** Opening RECORDS FOR THIS EXERCISE block **

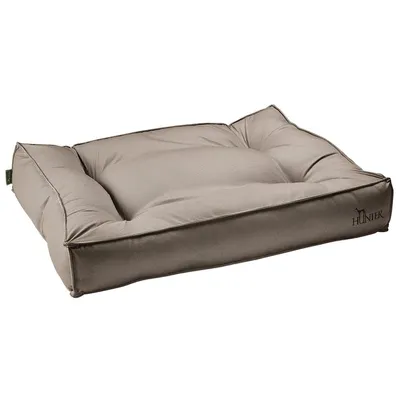Coussin rectangulaire beige pour chien, marque HUNTER visible sur le coin avant droit, tissu à texture fine, bords épais rembourrés.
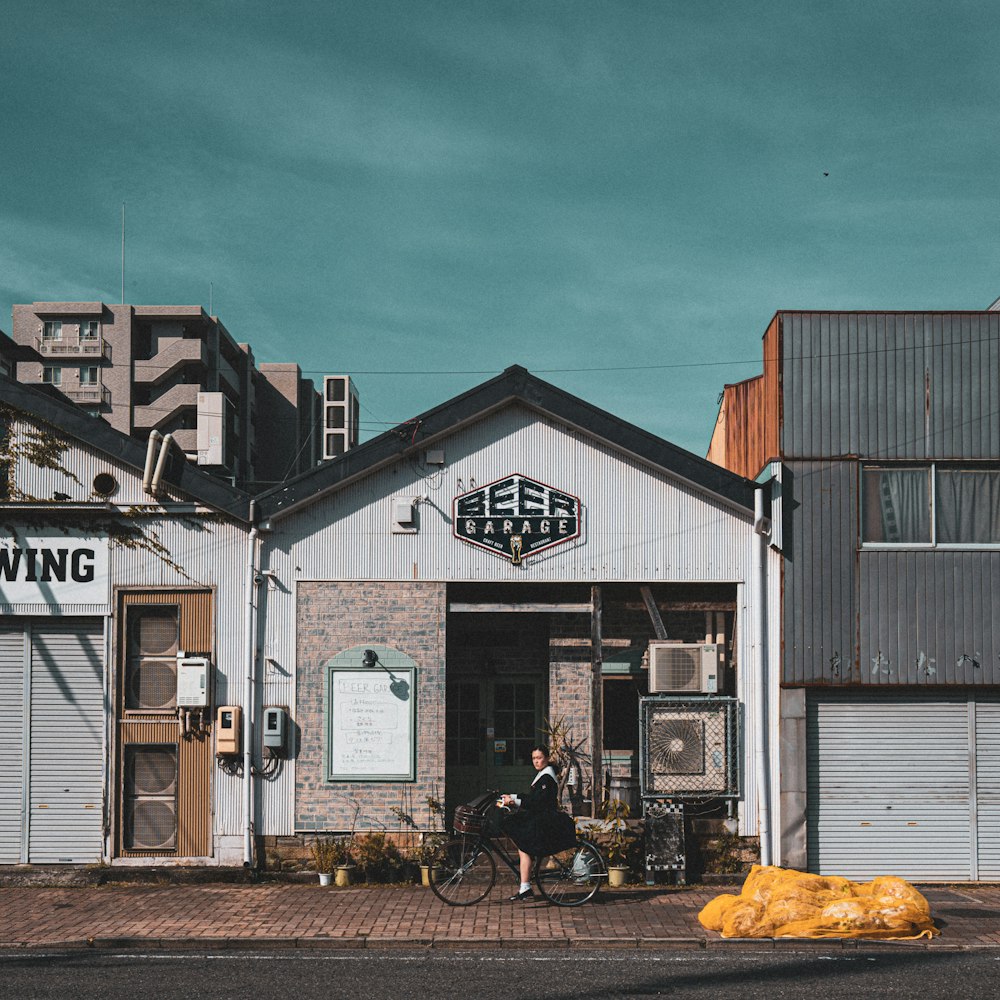 a person riding a bike in front of a building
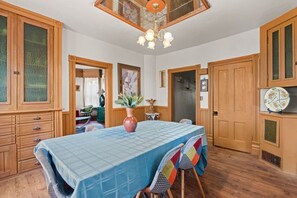 Ein Essbereich mit einem Tisch für vier Personen, Holzschränken, einer Chandelüster und Blick durch eine Tür.
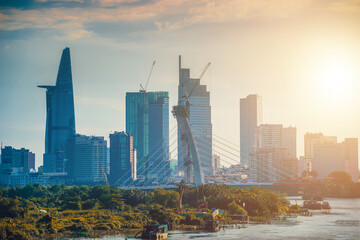 Aerial view of center Ho Chi Minh City, Vietnam with Bitexco Financial tower, Thu Thiem 2 bridge,...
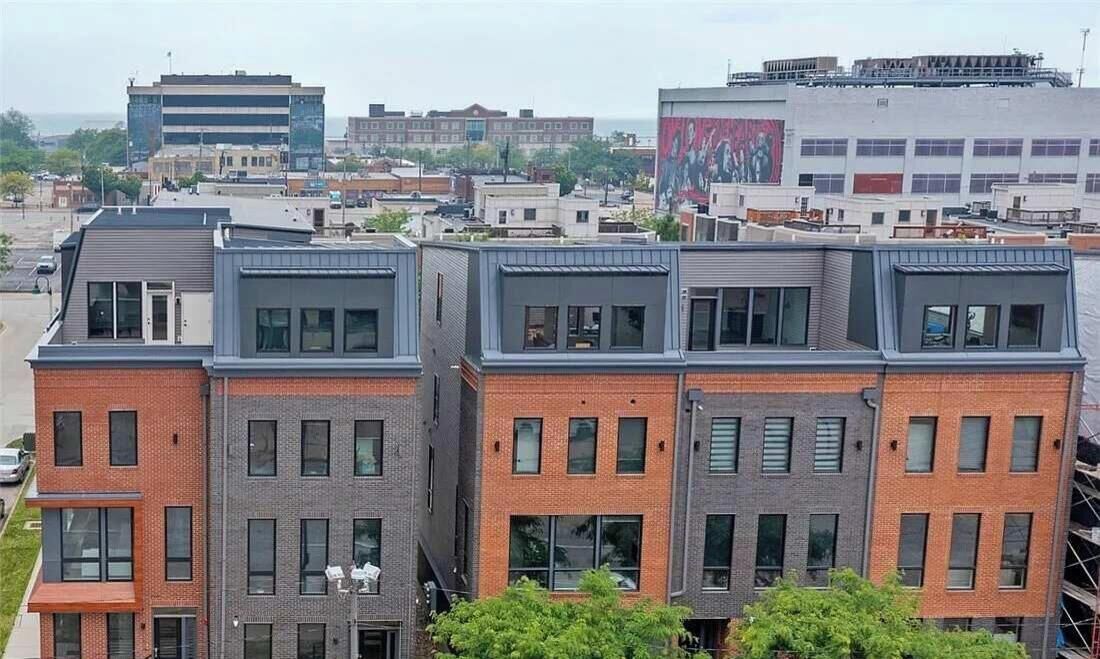 A multi-story building with a modern architectural design, featuring a mix of brick and metal facades, large windows, and a flat roof.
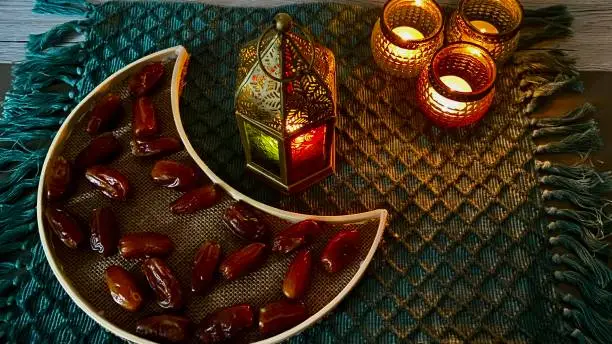 A half moon shaped tray with dates and an oriental lamp with three little tea light holder on a green mat for Ramadan decoration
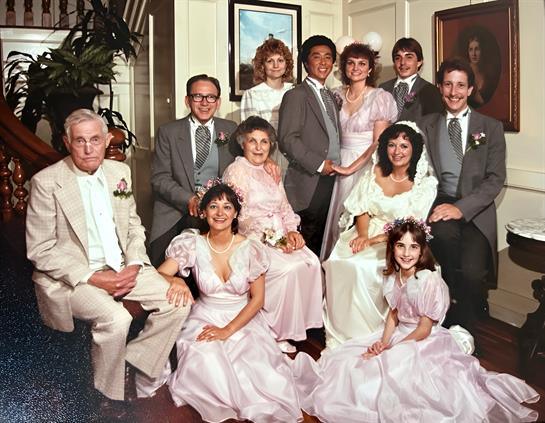 A joyful gathering of family members in formal attire captured in a vintage setting.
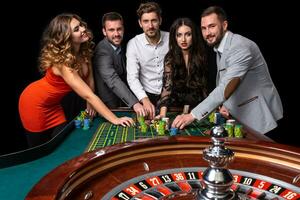 groep van jong mensen achter roulette tafel in een casino foto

** Closing RECORDS FOR THIS EXERCISE block **

Leave out the images and write out the lines above exactly, from the one with "Aerial view of" up to and including the one with "A multi-story building".

▶ **SOLUTION FOR THIS PROBLEM**:
 Aerial view of center Ho Chi Minh City, Vietnam with Bitexco Financial tower, Thu Thiem 2 bridge,...
 A multi-story building with a modern architectural design, featuring a mix of brick and metal facades, large windows, and a flat roof.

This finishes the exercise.